The remaining 20k back to Salen was just as tough as the way out, following the rugged coast with its climbs, drops but always beautiful scenery, through Britains national treasure of Sunart Oakwoods, but today no rain. We hit the A861, and still in an easterly direction, continued the tough road with its long climbs and steep descents that wound its way to the village of Stontian, where we had lunch in the park.

From Stontian we cut through the Glen of Tarbert, which gently climbs into the Glen, then gently descends - the rough country having now smoothed out to make it really glorious cycling, as we approached the ferry that ran from Ardour to Corran, the last several miles tracking the coast again with its many examples of cute houses that date from the earliest time of the crofts. The ferry was a welcome sight, and crossing just a delight as we looked up Loch Linnhe to Fort William and Ben Nevis for the final time.
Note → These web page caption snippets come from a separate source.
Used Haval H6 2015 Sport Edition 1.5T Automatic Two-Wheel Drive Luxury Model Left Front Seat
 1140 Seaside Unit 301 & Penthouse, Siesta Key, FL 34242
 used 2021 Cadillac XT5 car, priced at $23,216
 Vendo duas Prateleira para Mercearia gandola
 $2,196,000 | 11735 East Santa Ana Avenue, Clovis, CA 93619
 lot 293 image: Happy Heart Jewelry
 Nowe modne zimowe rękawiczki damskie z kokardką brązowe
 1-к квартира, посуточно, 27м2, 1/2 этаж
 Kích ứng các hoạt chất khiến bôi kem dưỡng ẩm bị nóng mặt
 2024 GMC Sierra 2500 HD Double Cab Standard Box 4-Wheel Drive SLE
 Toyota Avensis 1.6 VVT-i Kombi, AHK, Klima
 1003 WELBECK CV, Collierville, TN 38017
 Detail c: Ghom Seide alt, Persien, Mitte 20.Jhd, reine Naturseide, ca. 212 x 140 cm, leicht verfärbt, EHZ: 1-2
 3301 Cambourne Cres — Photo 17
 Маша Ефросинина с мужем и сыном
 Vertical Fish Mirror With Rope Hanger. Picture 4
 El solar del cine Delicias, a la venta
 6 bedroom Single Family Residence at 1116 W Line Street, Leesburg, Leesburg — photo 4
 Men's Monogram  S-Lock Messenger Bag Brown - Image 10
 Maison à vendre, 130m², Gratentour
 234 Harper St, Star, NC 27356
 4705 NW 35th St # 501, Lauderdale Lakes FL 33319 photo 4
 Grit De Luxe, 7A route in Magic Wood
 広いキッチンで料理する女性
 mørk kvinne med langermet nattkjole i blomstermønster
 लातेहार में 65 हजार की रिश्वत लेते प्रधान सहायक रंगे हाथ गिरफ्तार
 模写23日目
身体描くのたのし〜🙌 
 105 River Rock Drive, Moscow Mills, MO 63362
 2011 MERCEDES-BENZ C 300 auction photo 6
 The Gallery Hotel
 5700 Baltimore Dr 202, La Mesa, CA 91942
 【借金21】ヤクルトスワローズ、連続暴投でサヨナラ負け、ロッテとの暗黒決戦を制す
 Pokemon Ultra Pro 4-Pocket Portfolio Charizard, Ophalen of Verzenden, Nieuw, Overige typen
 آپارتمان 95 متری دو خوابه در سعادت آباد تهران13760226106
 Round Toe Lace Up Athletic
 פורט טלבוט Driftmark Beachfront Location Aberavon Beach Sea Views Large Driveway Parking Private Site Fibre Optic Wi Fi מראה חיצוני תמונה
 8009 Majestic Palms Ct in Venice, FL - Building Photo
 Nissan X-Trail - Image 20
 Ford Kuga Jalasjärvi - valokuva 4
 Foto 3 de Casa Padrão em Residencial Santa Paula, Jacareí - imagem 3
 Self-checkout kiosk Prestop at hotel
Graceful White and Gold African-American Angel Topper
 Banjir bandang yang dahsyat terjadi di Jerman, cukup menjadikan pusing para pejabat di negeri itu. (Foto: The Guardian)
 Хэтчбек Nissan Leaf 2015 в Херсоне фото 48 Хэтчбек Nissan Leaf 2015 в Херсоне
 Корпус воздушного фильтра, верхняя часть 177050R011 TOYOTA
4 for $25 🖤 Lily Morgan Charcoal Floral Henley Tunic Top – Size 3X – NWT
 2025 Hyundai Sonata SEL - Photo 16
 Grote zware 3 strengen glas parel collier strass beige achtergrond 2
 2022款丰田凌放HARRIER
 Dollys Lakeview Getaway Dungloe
We turned south on the A82 tracking the shores of the southern reach of Loch Linnhe, through the pretty village of Onich, and then veering east again up into the great Glen Coe. We went through North Ballachulish, from where the Glen opened up to us in all its great and unparralled beauty. The bridge that took us from the northern shore of now Loch Leven to the southern was just a spectacle, the road now tracking the southern shore of the Loch. The mountains and their splendour are unequalled in the english language. I personally don't think I have seen anything as majestic and spellbinding as the scene before us, with enormous highlands on both sides reaching to over 3300ft running all the way up the Glen, with the tiny village of Glencoe nestled just a mile away on the shores of the Loch, with a beautiful caravan park right on the edge.

We camped here, our tent just metres from the shore, but a tiny speck compared to the beautiful mountains that otherwise surrounded us on all sides now. Glencoe was the scene of the terrible Glencoe massacre in 1692, when after a failure by the head of the MacDonald Clan to give written assurance of his allegiance to the King, soldiers were dispatched who for weeks were hosted in the homes of the MacDonald clan, but who then received orders to kill every one of them under the age of 70yrs. The Clan chief was first to be murdered by gunshot, followed by his wife, and then followed 36 more - men women and boys and girls. The beautiful valley was the backdrop for such a terrible atrocity, for which leaders were later punished.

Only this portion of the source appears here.